Exercise
Copy the listing exactly, please, and keep every picture out of it.

Raw data
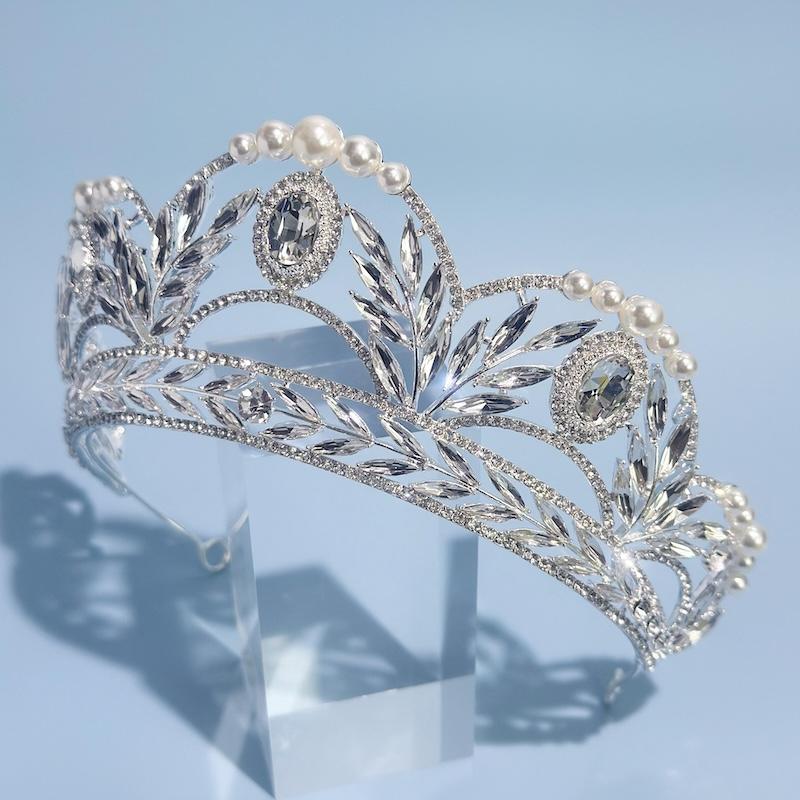 

Роскошный головной убор-корона со стразами и бусинами, Обязательный головной убор в стиле принцессы, Изысканный головной убор-корона, подходящий для свадеб, Д Tiaras серебряный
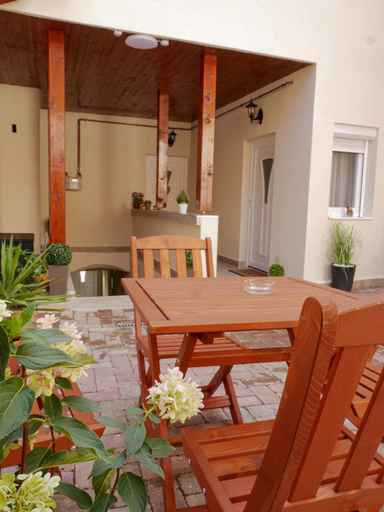 Others 2, Varfal apartman I, Eger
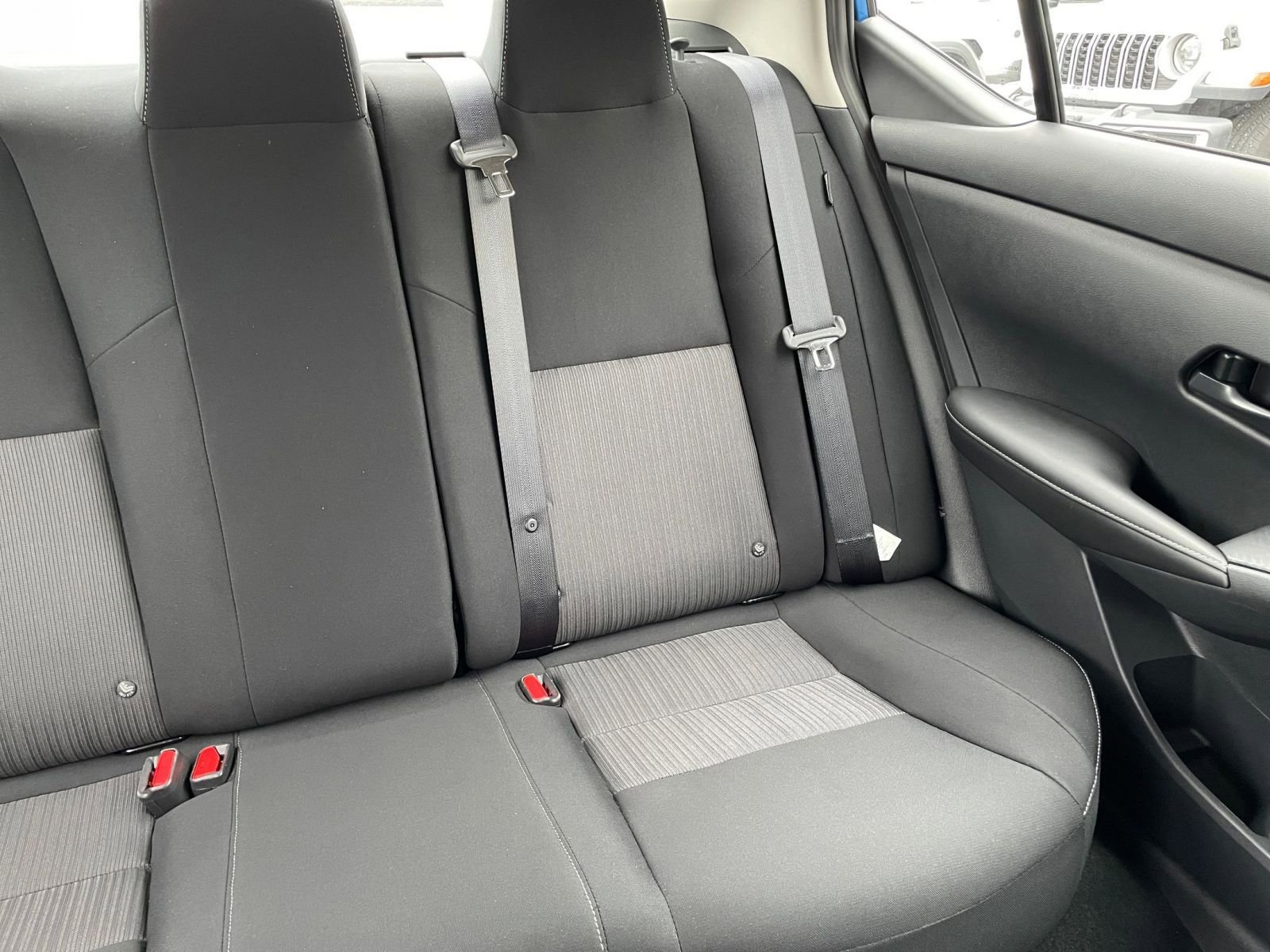 Used 2025 Nissan Sentra SV image 35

Reply to the task
Роскошный головной убор-корона со стразами и бусинами, Обязательный головной убор в стиле принцессы, Изысканный головной убор-корона, подходящий для свадеб, Д Tiaras серебряный
 Others 2, Varfal apartman I, Eger
 Used 2025 Nissan Sentra SV image 35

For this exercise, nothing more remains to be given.